→ WHAT TO DO
Word for word, give the listing below again.

→ DATA SECTION
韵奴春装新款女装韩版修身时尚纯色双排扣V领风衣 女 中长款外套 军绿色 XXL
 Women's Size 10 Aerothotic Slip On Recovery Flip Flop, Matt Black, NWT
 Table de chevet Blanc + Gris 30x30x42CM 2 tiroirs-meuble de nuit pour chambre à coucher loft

→ FINISHED EXERCISE
韵奴春装新款女装韩版修身时尚纯色双排扣V领风衣 女 中长款外套 军绿色 XXL
 Women's Size 10 Aerothotic Slip On Recovery Flip Flop, Matt Black, NWT
 Table de chevet Blanc + Gris 30x30x42CM 2 tiroirs-meuble de nuit pour chambre à coucher loft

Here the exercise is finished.